BREAKING DOWN Designated Roth Account
Designated Roth account matching contributions can be made by employers, just as to 401k or 403b accounts. Investors can make contributions both to a pretax, traditional retirement account and a designated Roth account during the same tax year, but the total contributions are subject to an annual contribution limit. Employers may offer employees an opportunity to make after-tax salary deferral contributions to a separate designated Roth account in the employer’s 401k, 403b or governmental 457b retirement plan. Unlike pre-tax elective deferrals, the amount employees contribute to a designated Roth account is includible in gross income. However, distributions from the account are generally tax free, including previously untaxed earnings in the account.

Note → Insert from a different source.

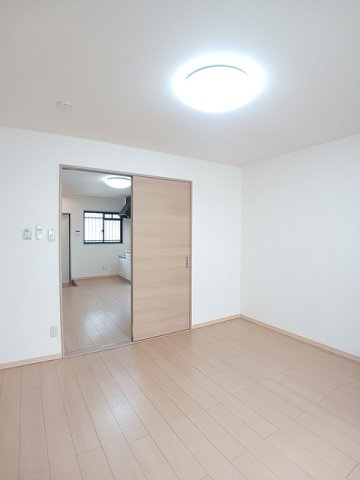 カンパーニュ塩上　Ⅰの内装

Benefits of designated Roth accounts
Qualified distributions from a designated Roth account are excludable from gross income. Generally, a distribution qualifies for income exclusion when it occurs more than five years after the initial contribution to the account and when the participant is age 59½ or older, dies or becomes disabled. A 401k, 403b or governmental 457b plan may permit employees to designate some or all of their plan elective deferrals as after tax Roth contributions. SARSEP and SIMPLE IRA plans may not offer designated Roth accounts. Once a participant contributes to a designated Roth account, the participant cannot later change the contributions to pre-tax deferrals, so no recharacterizations are allowed. Participants may be able to roll over an eligible rollover distribution to a designated Roth account from another account in the same plan. Compared to a Roth IRA, designated Roth accounts offer larger annual contribution limits than Roth IRAs, are not subject to the modified gross income limitations that restrict some individuals from contributing to Roth IRAs and allow participants to keep their Roth and pretax savings within a single plan.
Only employee elective deferrals may be contributed to a designated Roth account. Matching contributions and profit sharing contributions may not be made directly to the designated Roth account. An employer may use designated Roth deferrals in calculating a matching contribution, but the match amount must be contributed to another account within the plan.
Tax treatment of designated Roth contributions
Designated Roth contributions are treated the same as pretax elective deferrals for many purposes, including: the annual contribution limits; nonforfeitability and distribution restrictions and nondiscrimination testing; required minimum distributions; as well as calculation of the plan’s deduction limits.